While this isn't a lot of stuff, this is certainly a lot of stuff that I could live without. I do think that it reflects an outlier week, in that I went home and that accounted for a lot of waste (6 straws and 2 plastic cups out of 30 total items), but I can't just make excuses. I have learned to be more vigilant about packaging in online orders (I made an order for some personal care products yesterday and asked for them not to be packaged in plastic), I have learned to be more vigilant about asking not for straws (although I normally eat out three times a month, and neither place I eat out at uses straws).

I have also continued to make some lifestyle changes. Jeff purchased a real razor. I bought a grill brush for my cast iron skillet (it's plastic, but better and more robust than sponges). I recently purchased cloth sanitary napkins and am excited not to have to purchase any more of those awful plastic ones from CVS.

And there are some things I still have to learn. Making tempeh would probably cut my normal plastic waste by half. Learning how to make large batches of pasta for consumption over the course of a few weeks or months would also lead to less plastic from the pasta containers. Maybe if I ever learn how to make soy ice cream, I can reduce my plastic tally even further!

One final thing is to note that I don't think that any of the stuff in this tally is recyclable here in Boston. I will probably put the two plastic cups (labeled as #6, polystyrene) in the bin, but everything else is not specified on Boston's recycling website, and I know they don't recycle plastic bags. So unfortunately they will go out with my trash, which is, sadly, in a large plastic bag (I will switch to paper bags in the future).

Friday, May 15, 2009

Great Michael Pollan Article

I just came across a great interview between Amy Goodman of Democracy Now and Michael Pollan on Alternet this morning.

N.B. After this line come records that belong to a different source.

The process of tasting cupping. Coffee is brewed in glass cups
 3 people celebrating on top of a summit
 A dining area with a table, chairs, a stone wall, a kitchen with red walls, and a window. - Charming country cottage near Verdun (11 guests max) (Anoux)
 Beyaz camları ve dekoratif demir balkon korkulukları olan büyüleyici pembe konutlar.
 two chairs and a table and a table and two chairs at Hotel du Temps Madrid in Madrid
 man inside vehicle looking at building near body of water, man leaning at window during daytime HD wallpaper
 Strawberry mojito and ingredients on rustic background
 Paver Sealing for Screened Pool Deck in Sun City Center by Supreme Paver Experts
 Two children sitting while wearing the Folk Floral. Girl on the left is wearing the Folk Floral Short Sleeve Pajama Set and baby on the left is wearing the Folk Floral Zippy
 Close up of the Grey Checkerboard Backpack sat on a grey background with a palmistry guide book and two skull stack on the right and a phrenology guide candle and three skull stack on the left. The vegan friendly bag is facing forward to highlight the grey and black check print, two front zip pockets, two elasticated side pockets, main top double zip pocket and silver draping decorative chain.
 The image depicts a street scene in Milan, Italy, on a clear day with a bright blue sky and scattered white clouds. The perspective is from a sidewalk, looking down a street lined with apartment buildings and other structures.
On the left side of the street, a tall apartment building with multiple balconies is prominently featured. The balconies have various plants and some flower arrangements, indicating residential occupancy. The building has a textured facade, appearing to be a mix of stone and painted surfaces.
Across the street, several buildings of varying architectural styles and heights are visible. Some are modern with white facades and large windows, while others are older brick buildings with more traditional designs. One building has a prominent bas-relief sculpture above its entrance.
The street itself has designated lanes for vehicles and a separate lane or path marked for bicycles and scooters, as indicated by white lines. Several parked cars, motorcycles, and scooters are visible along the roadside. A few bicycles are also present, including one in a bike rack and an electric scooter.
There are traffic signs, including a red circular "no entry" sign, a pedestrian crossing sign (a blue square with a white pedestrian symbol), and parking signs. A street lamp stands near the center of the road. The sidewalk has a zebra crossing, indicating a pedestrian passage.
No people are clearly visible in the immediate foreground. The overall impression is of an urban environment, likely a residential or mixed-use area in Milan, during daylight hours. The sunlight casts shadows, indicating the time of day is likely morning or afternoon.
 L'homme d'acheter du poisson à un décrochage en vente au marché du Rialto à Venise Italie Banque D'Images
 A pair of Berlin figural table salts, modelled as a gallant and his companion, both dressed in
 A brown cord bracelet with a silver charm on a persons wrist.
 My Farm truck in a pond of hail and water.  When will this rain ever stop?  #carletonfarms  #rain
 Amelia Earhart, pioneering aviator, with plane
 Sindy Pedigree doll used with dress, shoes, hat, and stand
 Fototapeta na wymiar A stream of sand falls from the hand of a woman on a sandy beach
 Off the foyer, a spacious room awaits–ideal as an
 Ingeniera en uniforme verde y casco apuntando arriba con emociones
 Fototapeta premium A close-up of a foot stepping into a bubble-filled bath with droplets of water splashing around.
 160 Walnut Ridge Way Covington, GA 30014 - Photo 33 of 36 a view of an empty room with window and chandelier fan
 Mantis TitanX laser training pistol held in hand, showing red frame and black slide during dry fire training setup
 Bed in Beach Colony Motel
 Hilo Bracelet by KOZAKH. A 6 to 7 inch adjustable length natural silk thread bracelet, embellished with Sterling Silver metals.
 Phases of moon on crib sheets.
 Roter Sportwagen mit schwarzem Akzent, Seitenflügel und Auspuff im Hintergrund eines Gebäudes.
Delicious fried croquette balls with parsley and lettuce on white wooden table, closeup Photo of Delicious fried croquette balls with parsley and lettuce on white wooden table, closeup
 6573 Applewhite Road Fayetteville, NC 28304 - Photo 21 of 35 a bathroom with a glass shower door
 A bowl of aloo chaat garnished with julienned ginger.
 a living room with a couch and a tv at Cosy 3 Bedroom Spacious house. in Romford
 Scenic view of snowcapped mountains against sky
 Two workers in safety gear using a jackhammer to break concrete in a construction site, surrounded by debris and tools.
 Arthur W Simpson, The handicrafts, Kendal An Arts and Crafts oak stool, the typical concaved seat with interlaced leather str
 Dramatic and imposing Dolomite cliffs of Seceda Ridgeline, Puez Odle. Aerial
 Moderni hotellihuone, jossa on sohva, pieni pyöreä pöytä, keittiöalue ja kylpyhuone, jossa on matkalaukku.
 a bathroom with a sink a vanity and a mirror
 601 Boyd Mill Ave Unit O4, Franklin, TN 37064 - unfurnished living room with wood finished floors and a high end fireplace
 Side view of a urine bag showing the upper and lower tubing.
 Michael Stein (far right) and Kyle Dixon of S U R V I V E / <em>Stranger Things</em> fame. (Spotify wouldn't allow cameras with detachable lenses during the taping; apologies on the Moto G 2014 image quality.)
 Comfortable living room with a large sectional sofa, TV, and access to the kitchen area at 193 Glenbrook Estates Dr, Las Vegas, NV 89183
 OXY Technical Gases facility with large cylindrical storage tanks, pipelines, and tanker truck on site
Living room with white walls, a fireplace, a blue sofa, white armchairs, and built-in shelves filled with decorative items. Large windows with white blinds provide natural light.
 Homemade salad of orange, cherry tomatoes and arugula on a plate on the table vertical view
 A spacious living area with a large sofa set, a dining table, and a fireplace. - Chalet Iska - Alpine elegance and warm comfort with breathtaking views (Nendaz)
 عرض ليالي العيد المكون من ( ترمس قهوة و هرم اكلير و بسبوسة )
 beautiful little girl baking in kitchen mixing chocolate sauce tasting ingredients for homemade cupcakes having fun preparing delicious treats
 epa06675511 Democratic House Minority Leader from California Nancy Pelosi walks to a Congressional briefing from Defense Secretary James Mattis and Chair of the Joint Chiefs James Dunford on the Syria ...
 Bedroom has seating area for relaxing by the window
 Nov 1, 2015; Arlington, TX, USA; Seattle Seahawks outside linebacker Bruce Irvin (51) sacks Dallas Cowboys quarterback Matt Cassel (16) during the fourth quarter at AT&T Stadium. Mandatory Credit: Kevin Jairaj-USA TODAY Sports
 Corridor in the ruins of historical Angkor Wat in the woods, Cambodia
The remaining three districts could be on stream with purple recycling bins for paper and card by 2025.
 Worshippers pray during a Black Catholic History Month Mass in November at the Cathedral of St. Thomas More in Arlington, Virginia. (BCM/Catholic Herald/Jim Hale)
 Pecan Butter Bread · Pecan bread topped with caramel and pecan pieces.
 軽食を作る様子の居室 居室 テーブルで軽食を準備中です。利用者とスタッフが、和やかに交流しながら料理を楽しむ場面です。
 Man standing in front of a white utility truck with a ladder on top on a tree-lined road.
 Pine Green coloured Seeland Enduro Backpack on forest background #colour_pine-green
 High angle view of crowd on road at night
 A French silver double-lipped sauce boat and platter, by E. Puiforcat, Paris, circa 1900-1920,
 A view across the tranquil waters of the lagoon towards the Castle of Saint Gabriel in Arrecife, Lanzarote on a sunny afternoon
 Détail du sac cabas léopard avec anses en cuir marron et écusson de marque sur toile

The two books that made the biggest impact on the way I eat are Tom Robbin's The Food Revolution and Michael Pollan's In Defense of Food. (His book The Omnivore's Dilemma was also great but didn't really change the way I ate.)

Michael Pollan's main thesis in In Defense of Food is that people shouldn't eat too much food, they should eat mostly plants, and they should eat only things that actually are food. In other words, don't eat food products. He goes on to define food products, and basically they're the product of industrialized food. High fructose corn syrup (and many other corn products made cheap by corn subsidies) is a big indication of processed food. As are many other chemicals.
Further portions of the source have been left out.